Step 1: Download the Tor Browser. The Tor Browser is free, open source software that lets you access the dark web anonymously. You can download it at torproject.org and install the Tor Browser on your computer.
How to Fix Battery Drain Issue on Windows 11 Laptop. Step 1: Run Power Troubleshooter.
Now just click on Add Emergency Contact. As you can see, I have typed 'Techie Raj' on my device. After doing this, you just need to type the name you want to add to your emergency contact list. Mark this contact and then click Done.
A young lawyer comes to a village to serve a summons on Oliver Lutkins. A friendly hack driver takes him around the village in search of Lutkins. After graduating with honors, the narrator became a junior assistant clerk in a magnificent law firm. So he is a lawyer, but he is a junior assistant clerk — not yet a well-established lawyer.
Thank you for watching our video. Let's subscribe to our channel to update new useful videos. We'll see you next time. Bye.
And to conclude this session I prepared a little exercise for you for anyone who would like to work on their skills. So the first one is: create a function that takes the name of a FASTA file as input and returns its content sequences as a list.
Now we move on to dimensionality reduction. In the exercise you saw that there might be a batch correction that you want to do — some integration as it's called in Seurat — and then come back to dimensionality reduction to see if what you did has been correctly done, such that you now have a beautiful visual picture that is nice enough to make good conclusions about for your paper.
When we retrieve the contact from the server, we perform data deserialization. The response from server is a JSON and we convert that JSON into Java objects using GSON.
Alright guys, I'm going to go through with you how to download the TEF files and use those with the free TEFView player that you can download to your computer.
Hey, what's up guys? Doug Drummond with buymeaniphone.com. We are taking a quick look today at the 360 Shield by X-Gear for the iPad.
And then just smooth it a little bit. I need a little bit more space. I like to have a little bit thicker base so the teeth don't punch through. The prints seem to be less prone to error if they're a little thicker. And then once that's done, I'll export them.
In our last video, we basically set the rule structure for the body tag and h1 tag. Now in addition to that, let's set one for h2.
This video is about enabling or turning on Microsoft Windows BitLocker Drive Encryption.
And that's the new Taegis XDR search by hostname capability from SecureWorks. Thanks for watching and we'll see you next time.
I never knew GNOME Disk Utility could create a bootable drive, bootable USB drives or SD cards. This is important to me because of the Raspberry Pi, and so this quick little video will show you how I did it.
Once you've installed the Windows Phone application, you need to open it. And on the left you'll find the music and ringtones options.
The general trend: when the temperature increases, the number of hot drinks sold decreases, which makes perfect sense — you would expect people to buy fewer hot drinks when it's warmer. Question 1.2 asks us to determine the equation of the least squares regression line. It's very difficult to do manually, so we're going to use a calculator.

■ ACTION ITEM: Each line above is to be copied exactly as written.

■ SOLUTION BELOW:
Step 1: Download the Tor Browser. The Tor Browser is free, open source software that lets you access the dark web anonymously. You can download it at torproject.org and install the Tor Browser on your computer.
How to Fix Battery Drain Issue on Windows 11 Laptop. Step 1: Run Power Troubleshooter.
Now just click on Add Emergency Contact. As you can see, I have typed 'Techie Raj' on my device. After doing this, you just need to type the name you want to add to your emergency contact list. Mark this contact and then click Done.
A young lawyer comes to a village to serve a summons on Oliver Lutkins. A friendly hack driver takes him around the village in search of Lutkins. After graduating with honors, the narrator became a junior assistant clerk in a magnificent law firm. So he is a lawyer, but he is a junior assistant clerk — not yet a well-established lawyer.
Thank you for watching our video. Let's subscribe to our channel to update new useful videos. We'll see you next time. Bye.
And to conclude this session I prepared a little exercise for you for anyone who would like to work on their skills. So the first one is: create a function that takes the name of a FASTA file as input and returns its content sequences as a list.
Now we move on to dimensionality reduction. In the exercise you saw that there might be a batch correction that you want to do — some integration as it's called in Seurat — and then come back to dimensionality reduction to see if what you did has been correctly done, such that you now have a beautiful visual picture that is nice enough to make good conclusions about for your paper.
When we retrieve the contact from the server, we perform data deserialization. The response from server is a JSON and we convert that JSON into Java objects using GSON.
Alright guys, I'm going to go through with you how to download the TEF files and use those with the free TEFView player that you can download to your computer.
Hey, what's up guys? Doug Drummond with buymeaniphone.com. We are taking a quick look today at the 360 Shield by X-Gear for the iPad.
And then just smooth it a little bit. I need a little bit more space. I like to have a little bit thicker base so the teeth don't punch through. The prints seem to be less prone to error if they're a little thicker. And then once that's done, I'll export them.
In our last video, we basically set the rule structure for the body tag and h1 tag. Now in addition to that, let's set one for h2.
This video is about enabling or turning on Microsoft Windows BitLocker Drive Encryption.
And that's the new Taegis XDR search by hostname capability from SecureWorks. Thanks for watching and we'll see you next time.
I never knew GNOME Disk Utility could create a bootable drive, bootable USB drives or SD cards. This is important to me because of the Raspberry Pi, and so this quick little video will show you how I did it.
Once you've installed the Windows Phone application, you need to open it. And on the left you'll find the music and ringtones options.
The general trend: when the temperature increases, the number of hot drinks sold decreases, which makes perfect sense — you would expect people to buy fewer hot drinks when it's warmer. Question 1.2 asks us to determine the equation of the least squares regression line. It's very difficult to do manually, so we're going to use a calculator.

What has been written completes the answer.